To look at whether the same changes to 3’-guide sequences in a pooled library might increase the knockout rate and improve the overall results of genetic loss- of-function screens, we built four libraries each with a different design: one wt sgRNA library, one with A-T inversion, one with the HE insertion, and a fourth library with both the HE and AT modifications (HEAT). With each library, we ran a “dropout viability screen” to identify genes required for cell viability. With this type of genetic screen cells harboring sgRNA that knockout essential genes do not proliferate so these sgRNA are underrepresented after several cell doublings. Analysis showed a consistent increase in the magnitude of the dropout levels of sgRNAs containing both the AT and HE modifications.
The findings show that it is possible to substantially improve the quality of sgRNA libraries with just a few changes in the constant 3’-region of the sgRNA where the Cas9 protein binds.
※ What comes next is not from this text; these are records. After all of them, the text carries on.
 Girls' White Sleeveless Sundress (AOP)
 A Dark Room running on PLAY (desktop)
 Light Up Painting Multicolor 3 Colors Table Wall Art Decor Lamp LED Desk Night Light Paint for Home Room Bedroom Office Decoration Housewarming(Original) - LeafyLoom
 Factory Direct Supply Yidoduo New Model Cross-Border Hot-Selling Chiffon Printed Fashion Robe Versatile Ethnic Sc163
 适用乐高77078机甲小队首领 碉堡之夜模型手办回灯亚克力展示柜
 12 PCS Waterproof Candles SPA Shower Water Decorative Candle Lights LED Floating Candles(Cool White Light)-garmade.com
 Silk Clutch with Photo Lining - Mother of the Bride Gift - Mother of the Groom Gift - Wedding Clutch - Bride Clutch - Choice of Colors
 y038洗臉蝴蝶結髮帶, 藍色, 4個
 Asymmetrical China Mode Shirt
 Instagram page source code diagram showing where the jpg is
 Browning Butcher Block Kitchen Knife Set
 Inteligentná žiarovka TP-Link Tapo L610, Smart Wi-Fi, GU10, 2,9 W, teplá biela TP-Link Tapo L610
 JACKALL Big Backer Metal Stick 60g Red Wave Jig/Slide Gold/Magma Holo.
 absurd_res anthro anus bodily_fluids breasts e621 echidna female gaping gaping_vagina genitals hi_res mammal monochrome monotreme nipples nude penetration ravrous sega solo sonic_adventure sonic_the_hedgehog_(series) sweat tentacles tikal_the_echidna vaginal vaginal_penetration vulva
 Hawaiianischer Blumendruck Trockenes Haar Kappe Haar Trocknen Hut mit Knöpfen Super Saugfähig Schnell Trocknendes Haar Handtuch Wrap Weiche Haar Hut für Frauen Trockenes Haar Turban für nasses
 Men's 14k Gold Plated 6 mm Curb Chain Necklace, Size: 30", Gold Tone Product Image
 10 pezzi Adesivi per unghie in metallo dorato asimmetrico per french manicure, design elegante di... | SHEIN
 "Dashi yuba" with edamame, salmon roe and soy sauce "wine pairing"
Constructs utilizing the modified sgRNA structure knocked out target genes more quickly and effectively than those with the standard sgRNA design. Further, libraries expressing sgRNA with the HE and AT modifications generated stronger and more robust results than those with the standard structure which decreases the chance of missing essential genes during screening. As a result of this work, Cellecta uses the HEAT sgRNA design as the default in all its libraries of individual CRISPR constructs.